Brookdale Department of Geriatrics and Palliative Medicine (CWZ), Icahn School of Medicine at Mount Sinai, New York, NY; James J Peters VA Medical Center (CWZ, GAE, HTG, CS, MS), Bronx, NY; Department of Psychiatry, (CWZ, GAE, LS, HTG, AA, CS, MS), Alzheimer Disease Research Center, Icahn School of Medicine at Mount Sinai, New York, NY.
Department of Psychiatry, Neurology, and Gerontology (LSS), Keck School of Medicine and Leonard Davis School of Gerontology, University of Southern, CA.
Am J Geriatr Psychiatry. 2024 Dec;32(12):1402-1416. doi: 10.1016/j.jagp.2024.06.005. Epub 2024 Jun 29.
Understanding the course of individual neuropsychiatric symptoms (NPS) and their relationship with function is important for planning targeted interventions for preventing and delaying functional decline. This study aims to disentangle relative contributions of individual NPS on functional decline.
Longitudinal study of 9,358 well-characterized participants with baseline diagnoses of Mild Cognitive Impairment or AD in the National Alzheimer's Coordinating Center Uniform Data Set. Function was measured using the Functional Assessment Questionnaire (FAQ). Clinician judgment of seven common behavioral symptoms were examined simultaneously: apathy-withdrawal, depressed mood, visual or auditory hallucinations, delusions, disinhibition, irritability, and agitation.

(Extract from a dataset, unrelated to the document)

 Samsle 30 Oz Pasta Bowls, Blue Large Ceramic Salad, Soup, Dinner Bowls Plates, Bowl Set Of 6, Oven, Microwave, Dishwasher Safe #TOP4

Apathy was the most common NPS at baseline (33.7%) and throughout follow-up, endorsed by clinicians in 63.7% of visits. Apathy was the most persistent with 36.7% of participants having clinician-endorsed apathy in ≥50% of their visits. Apathy strongly correlated with faster rate of functional decline. Compared to those who never had apathy, baseline FAQ was worse in those with intermittent or persistent/always apathy (intermittent: estimated coefficient ±SE=1.228±0.210, 95% CI=[0.817, 1.639]; persistent/always: 2.354±0.244 (95% CI=[1.876, 2.832], both p <0.001). Over time, rate of functional decline was faster in those with intermittent and persistent/always apathy (intermittent: 0.454±0.091, 95% CI=[0.276, 0.632]; persistent/always: 0.635±0.102, 95% CI=[0.436, 0.835], both p <0.001). Worse agitation, delusions, and hallucinations also correlated with functional decline, but magnitudes of the estimates were smaller.

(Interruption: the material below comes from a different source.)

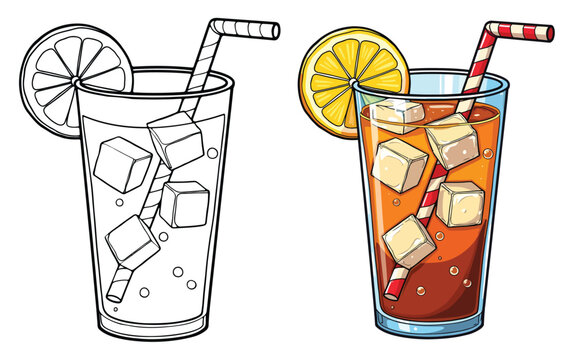 lemonade drink with ice cubes and straw clip art preview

Individual NPS may be sensitive targets for tracking longitudinal change in function. The study raises awareness of the need for more comprehensive assessment of functional decline in AD patients with noncognitive symptoms.

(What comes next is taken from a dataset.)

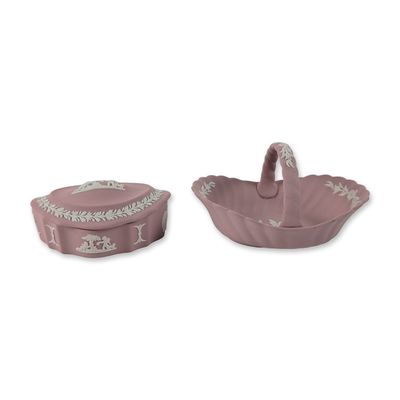 2pc Wedgwood Pink Jasperware Decorative Items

了解个体神经精神症状(NPS)的发展过程及其与功能的关系,对于规划预防和延缓功能下降的靶向干预措施非常重要。本研究旨在厘清个体 NPS 对功能下降的相对贡献。
对国家阿尔茨海默病协调中心统一数据集中基线诊断为轻度认知障碍或 AD 的 9358 名特征明确的参与者进行纵向研究。使用功能评估问卷(FAQ)测量功能。同时检查七种常见行为症状的临床医生判断:冷漠-退缩、情绪低落、视幻觉或听幻觉、妄想、失抑制、易怒和激越。
冷漠是基线时(33.7%)和整个随访期间最常见的 NPS,在 63.7%的就诊中被临床医生认可。冷漠是最持久的,36.7%的参与者在≥50%的就诊中出现临床医生认可的冷漠。冷漠与功能下降速度呈强相关。与从未出现冷漠的参与者相比,基线 FAQ 在间歇性或持续性/始终存在冷漠的参与者中更差(间歇性:估计系数±SE=1.228±0.210,95%CI=[0.817,1.639];持续性/始终存在:2.354±0.244(95%CI=[1.876,2.832],均 p<0.001)。随着时间的推移,间歇性和持续性/始终存在冷漠的参与者功能下降速度更快(间歇性:0.454±0.091,95%CI=[0.276,0.632];持续性/始终存在:0.635±0.102,95%CI=[0.436,0.835],均 p<0.001)。更严重的激越、妄想和幻觉也与功能下降相关,但估计值的幅度较小。
个体 NPS 可能是跟踪功能纵向变化的敏感指标。该研究提高了人们对需要更全面评估 AD 患者非认知症状功能下降的认识。